As you may recall from our earlier discussion of complex permeability, we use two different field quantities to analyze the material’s response to an external magnetic field:

• B, the flux density. This is defined as the total magnetic field inside the material divided by the material’s cross-sectional area.
• H, the field intensity. This is defined as the external magnetic field divided by the permeability of free space (μ₀).

In general, we use the following expression to describe the relationship between the B and H fields:

$$B~=~ mu_0 mu_r H$$

Equation 1.

where μ_r is the material’s relative permeability. A material’s B-H curve represents this relationship by placing B on the vertical axis of a graph and H on the horizontal axis.

For a non-magnetic material, the B-H curve is linear. A single permeability value is therefore obtained for arbitrary values of H. For example, Figure 2 shows the B-H curve for an air-core inductor. The relative permeability of air is μ_r = 1, so the slope of the line is equal to μ₀.

Figure 2. The B-H curve for an air-core inductor. Image used courtesy of Steve Arar

By contrast, Figure 3 depicts the relationship between B and H in a ferromagnetic material.

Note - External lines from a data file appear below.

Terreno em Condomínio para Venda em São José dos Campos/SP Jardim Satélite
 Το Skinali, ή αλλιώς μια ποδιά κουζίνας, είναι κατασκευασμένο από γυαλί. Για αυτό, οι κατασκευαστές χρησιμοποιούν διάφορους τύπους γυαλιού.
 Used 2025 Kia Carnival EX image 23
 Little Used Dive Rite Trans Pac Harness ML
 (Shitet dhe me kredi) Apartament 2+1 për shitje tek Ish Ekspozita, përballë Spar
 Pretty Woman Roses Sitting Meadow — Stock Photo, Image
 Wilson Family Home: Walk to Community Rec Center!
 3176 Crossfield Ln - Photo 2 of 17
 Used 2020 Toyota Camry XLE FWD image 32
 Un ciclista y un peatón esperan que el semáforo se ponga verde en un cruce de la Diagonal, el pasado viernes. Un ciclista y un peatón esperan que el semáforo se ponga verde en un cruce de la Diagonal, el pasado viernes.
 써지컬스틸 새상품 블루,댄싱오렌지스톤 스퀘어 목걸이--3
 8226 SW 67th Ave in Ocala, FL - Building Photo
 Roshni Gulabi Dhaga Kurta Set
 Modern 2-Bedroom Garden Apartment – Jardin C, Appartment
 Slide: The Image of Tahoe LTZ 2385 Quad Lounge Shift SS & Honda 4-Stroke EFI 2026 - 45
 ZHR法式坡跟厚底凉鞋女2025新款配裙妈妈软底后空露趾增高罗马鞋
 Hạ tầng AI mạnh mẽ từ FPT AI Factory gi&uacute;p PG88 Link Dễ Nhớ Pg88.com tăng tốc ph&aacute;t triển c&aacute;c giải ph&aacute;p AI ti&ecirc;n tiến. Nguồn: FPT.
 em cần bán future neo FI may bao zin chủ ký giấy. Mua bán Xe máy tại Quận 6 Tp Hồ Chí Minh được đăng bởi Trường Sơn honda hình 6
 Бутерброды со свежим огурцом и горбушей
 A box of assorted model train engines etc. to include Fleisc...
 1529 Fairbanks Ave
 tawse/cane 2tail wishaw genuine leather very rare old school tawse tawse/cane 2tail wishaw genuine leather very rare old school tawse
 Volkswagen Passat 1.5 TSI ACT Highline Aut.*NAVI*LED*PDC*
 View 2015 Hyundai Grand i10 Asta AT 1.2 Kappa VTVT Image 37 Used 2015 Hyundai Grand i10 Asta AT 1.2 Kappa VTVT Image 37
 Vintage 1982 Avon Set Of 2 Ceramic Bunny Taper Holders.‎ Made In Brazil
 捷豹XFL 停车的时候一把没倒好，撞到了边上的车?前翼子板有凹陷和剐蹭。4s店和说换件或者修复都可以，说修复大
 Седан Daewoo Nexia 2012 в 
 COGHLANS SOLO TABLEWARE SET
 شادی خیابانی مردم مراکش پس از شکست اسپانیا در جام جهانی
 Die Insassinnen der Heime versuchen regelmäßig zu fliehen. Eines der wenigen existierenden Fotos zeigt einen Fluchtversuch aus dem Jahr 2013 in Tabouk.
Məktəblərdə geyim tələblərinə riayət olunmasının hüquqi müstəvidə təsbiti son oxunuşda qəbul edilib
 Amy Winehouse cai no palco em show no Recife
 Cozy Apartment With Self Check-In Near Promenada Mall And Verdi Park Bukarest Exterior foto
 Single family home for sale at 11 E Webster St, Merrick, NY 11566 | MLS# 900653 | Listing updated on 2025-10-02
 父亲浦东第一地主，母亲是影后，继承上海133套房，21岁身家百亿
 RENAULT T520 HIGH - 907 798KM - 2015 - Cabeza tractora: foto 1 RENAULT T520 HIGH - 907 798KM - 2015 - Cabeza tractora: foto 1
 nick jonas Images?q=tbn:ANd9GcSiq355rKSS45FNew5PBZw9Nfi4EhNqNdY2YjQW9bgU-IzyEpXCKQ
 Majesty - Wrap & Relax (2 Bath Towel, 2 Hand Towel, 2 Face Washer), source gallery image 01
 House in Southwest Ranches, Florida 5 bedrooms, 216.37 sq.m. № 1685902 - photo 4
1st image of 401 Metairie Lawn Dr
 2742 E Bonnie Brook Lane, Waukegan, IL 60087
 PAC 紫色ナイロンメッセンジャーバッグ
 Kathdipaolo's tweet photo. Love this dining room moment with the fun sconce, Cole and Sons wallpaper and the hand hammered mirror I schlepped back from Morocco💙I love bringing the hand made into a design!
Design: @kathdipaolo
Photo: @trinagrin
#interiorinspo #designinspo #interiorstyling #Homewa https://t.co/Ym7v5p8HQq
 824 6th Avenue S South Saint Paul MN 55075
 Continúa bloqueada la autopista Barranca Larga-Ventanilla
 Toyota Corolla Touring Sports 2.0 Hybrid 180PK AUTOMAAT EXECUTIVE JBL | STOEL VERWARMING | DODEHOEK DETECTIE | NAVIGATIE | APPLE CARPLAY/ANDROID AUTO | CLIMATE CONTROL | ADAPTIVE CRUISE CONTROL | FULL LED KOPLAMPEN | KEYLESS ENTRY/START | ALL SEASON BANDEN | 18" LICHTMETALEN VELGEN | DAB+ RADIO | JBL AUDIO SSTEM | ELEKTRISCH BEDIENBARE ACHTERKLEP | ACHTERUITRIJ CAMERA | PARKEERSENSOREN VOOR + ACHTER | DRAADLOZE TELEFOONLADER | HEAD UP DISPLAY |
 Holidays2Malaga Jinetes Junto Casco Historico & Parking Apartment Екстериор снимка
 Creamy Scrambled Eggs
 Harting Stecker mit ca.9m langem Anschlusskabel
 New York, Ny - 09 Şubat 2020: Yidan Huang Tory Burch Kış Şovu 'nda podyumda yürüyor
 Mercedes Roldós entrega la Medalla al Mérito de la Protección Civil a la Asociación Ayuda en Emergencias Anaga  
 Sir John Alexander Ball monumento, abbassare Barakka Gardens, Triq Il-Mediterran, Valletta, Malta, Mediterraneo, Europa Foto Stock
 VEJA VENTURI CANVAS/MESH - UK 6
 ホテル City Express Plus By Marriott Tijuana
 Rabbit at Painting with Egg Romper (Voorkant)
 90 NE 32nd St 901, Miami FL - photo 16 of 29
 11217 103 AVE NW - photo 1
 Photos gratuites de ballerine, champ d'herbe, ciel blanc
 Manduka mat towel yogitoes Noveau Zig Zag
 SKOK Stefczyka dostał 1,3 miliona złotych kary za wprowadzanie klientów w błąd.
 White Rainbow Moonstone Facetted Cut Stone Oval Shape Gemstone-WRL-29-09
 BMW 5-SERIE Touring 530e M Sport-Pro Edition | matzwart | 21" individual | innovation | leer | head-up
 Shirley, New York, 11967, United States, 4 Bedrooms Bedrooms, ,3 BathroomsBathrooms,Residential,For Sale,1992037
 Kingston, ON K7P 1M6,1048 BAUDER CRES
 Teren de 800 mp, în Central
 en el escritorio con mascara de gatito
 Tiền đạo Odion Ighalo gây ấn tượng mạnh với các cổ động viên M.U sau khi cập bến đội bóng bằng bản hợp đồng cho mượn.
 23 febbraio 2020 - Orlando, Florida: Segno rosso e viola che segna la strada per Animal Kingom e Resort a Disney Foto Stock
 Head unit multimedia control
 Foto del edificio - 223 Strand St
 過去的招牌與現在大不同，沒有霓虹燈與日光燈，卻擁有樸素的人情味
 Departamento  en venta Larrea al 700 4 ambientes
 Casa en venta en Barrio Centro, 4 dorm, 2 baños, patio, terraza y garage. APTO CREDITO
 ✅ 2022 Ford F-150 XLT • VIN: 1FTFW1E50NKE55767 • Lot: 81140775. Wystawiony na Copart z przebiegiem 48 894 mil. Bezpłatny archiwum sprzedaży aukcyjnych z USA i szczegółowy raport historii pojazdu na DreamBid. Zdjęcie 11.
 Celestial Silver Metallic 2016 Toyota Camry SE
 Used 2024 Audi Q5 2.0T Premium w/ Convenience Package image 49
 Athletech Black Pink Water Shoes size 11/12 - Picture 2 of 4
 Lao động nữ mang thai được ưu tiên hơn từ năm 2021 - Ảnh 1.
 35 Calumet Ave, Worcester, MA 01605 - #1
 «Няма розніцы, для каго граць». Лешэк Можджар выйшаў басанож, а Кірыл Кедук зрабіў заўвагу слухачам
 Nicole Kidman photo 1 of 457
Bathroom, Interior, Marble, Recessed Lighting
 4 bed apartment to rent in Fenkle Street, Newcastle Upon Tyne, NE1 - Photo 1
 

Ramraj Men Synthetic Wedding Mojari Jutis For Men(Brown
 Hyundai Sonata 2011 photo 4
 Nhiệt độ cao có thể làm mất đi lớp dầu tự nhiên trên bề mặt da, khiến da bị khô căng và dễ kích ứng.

Figure 3. The B-H curve of a ferromagnetic material. Image used courtesy of Steve Arar

As you can see, the B-H characteristic of a ferromagnetic material isn’t a straight line. Instead, μ_r depends on H. Increasing the H field makes the flux density go up until it hits its maximum value (B_sat). Similarly, if we apply a large current in the opposite direction, the material saturates at –B_sat.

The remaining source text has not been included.